İş Güvenliği ve İş Sağlığı
Selim DAYIOĞLU / Avukat / Deniz Akbaş / Hukuk Öğrencisi- Stajyer
İş sağlığı ve güvenliği konusuna önceden İş Kanunu’nun içinde bir bölüm ayrılmışken artan meslek hastalıkları, yaşanan iş güvenliği zaafiyetleri, iş kazaları nedeniyle bu alanda İş Kanunu’ndan bağımsız, başlı başına bir düzenleme yapılması ihtiyacı ortaya çıktı. Bu sebeple 30 Haziran 2012 tarihli ve 28339 numaralı Resmi Gazete’de yayımlanan İş Sağlığı ve Güvenliği Kanunu (“Kanun”) kabul edildi. Bu kanunla ülkemizin çalışma hayatında yepyeni bir sayfa açılmıştır.
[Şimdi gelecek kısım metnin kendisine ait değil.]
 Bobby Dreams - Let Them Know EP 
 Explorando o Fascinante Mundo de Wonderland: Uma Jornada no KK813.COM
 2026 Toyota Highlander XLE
Kanun, kapsamı bakımından, kamu ya da özel sektör ayrımı gözetmeksizin, tüm işlere ve işyerlerine uygulanacaktır. Uygulama bakımındansa işçi işveren ayrımı gözetmeksizin, işvereni, vekillerini, çırak ve stajyerleri de kapsamaktadır.
Kanunun 6. maddesi uyarınca iş sağlığı ve iş güvenliğinin sağlanması için işveren, iş güvenliği uzmanları, iş yeri hekimleri ve hemşire veya sağlık memuru gibi iş yeri sağlık görevlileri ile çalışmalıdır. Aynı maddeye göre işveren bu hizmetleri görecek kişileri bizzat istihdam edebileceği gibi, anılan hizmetleri dışarıdan, ortak sağlık ve güvenlik birimleri aracılığıyla da sağlayabilecektir. Kanunun uygulanmasından genel olarak Çalışma ve Sosyal Güvenlik Bakanlığı (“Bakanlık”) ve Çalışma ve İş Kurumu sorumlu kılınmışlardır.
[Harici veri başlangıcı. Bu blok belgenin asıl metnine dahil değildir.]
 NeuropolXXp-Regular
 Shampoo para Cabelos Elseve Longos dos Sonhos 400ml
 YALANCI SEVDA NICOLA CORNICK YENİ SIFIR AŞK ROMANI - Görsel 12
İşverenin genel yükümlülüğü
Kanun uyarınca işverenin, işle ilgili sağlık ve güvenliği sağlamak için riskleri önleme, tedbir alma, gerekli araç ve gereçleri sağlama ve risk değerlendirmesi, çalışanların eğitilmesi gibi yükümlülükleri vardır. Kanun kapsamında Bakanlık’tan destek almak mümkündür. Örneğin işyeri çok tehlikeli veya tehlikeli sınıfta yer alıyorsa ve işyerindeki çalışan sayısı 10 kişiden azsa bakanlık işyerine destek olabilecektir. Kanunun 3. maddesine göre iş güvenliği uzmanı olma hakkı mühendis, mimar ve teknik elemanlara tanınmış; teknik eleman olarak ise, teknik öğretmenler, fizikçi ve kimyagerler ile üniversitelerin iş sağlığı ve güvenliği programlarından mezun olan kişiler sayılmıştır. Ayrıca iş güvenliği uzmanlarının belgeleri çok tehlikeli, tehlikeli ve az tehlikeli sınıf işyerleri için olmak üzere sırasıyla A sınıfı, B sınıfı ve C sınıfı şeklinde üç sınıfa ayrılmıştır.
Kanun’un yürürlüğe girmesiyle birlikte iş güvenliği uzmanı ve işyeri hekimi ihtiyacı yeni iş alanlarının oluşmasına neden olmuştur. Bunların başında uzman ve ilgili sağlık personeli tahsis etmek için kurulmaya başlanan Ortak Sağlık ve Güvenlik Birimi firmaları, sınavlara hazırlayan bir çok eğitim kurumu gelmektedir. İleride ortaya çıkacak iş güvenliği uzmanı ve iş yeri hekimi ihtiyacı düşünüldüğünde bu kuruluşlara olan ihtiyacın da ciddi biçimde artacağı bir gerçektir. Bu ise ülkemiz için yepyeni bir istihdam ve ekonomik faaliyet alanı anlamına gelmektedir.